I do think that the Republican Party is making the very mistake that I warned against immediately after the election, in Reason:

“Great election, kid. Don’t get cocky.” That could be Han Solo’s advice to President Bush. But it’s not the advice he’s getting from either the left or the right. Eager to explain away Kerry’s defeat in a way that lets them feel morally superior, many on the left are saying that it was all about “moral values,” particularly gay rights and abortion. Eager to expand their power in the second term, advocates for the Christian Right have been swift to agree.

Listening to them would be a big mistake for Bush.
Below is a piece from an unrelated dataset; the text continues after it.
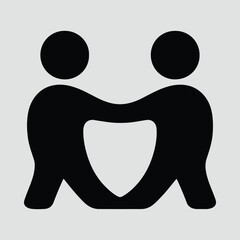 Silhouette friendship icon symbol with heart shape hugging Vector illustration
There’s no question that incidents like the Janet Jackson breast episode have angered a lot of Americans who feel that the entertainment industry doesn’t respect their values. And gay marriage polls badly even in the bluest of blue states. But there’s little reason to believe Americans eagerly cast their votes in November in the hope that busybodies would finally start telling them what to do.

In their book The Right Nation: Conservative Power in America, John Micklethwait and Adrian Wooldridge explain how the Republican coalition could go wrong: “Too Southern, too greedy, and too contradictory.” Taking the advice of advocacy groups left and right is likely to send the Bush administration in that direction. Is Karl Rove smart enough to realize that?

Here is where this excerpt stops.